I must admit, that while sharing my story of sexual assault has been hard, admitting my insecurities about my own blackness plagues me even more. Even at this conference, where no one questioned or even asked about my racial makeup, I doubted if I was even worthy of being there. I have sat up on more than one occasion and talked to my partner about what blackness is. When we talk about the patriarchy, colonialism and the history of America, I can not get around the fact that race was constructed strictly as a tool to separate and enforce slavery. Yet, I am moved and honored to be apart of the movement to claim and define what Blackness is within myself and within my community. It was there that I realized my insecurities of being a biracial woman in a Black space, was completely unfounded. It was in this space, that I realized my mother’s whiteness, does not negate my Blackness. It was in this space that I realized that I can be Black and Biracial at the same time. It was in this space that I realized the true intersectionality of not only genders or movements, but also of Blackness itself.

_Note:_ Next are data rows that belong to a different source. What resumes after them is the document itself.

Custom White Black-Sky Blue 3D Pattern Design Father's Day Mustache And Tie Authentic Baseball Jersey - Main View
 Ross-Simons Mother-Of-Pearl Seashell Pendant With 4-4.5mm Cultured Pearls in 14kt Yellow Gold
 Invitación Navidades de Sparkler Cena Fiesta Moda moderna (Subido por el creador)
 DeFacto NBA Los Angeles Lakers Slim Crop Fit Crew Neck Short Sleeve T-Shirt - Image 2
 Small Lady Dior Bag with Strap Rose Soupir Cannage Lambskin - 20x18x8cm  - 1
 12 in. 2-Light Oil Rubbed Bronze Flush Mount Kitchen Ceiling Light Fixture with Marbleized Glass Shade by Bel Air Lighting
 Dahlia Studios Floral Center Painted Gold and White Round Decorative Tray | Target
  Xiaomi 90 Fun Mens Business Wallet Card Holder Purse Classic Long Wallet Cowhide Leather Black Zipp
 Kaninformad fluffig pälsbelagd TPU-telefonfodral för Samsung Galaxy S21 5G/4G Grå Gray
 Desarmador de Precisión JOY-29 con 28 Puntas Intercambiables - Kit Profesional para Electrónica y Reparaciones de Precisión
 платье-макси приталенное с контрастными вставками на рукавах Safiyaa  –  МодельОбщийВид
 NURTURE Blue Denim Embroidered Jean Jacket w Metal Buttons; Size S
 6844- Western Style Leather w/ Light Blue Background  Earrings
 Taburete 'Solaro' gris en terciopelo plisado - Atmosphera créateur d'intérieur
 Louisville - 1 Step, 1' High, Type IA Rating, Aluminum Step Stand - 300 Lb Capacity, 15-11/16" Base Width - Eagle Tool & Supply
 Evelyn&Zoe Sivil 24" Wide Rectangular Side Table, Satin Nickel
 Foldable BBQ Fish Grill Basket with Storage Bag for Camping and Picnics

Even as I sat in that room, eyes filled with tears and a lump in my throat, I stopped myself from speaking up. Fully aware that my story is a story that deserves to be told, I still was silent. Still trying to wrap my head around everything that had happened in just a day. Grappling around the notion, that those 6 hours, in that space changed me. It reinforced that I can be broken and still be whole. It showed me that everything, dark and light, that has happened to me, has brought me to this moment. It was there I learned the power in speaking up and out. It was there that I learned what it meant to move from surviving to thriving. It was there that I moved closer to fully accepting myself, on no one’s terms but my own. Every single one of us has a story. Every single one of us has darkness. Every single one of us deserves to be inserted into the dominant narrative. Every single one of must lift up our own selves and shed the things that bind us. It is in the moments that we show our own struggle and perseverance, that we find the humanity that unites us. Don’t let the things that others did to you be the thing that you use to determine your self-worth. Take the time to see yourself as the beautifully complicated being that you are. I still have such a long way to go, but this weekend just reinforced that I am where I am supposed to be. It should me the strength in sharing space and experiences. We can not get through this life alone. We must stand together in our hurt, in our truth and in our purpose, to truly get anywhere.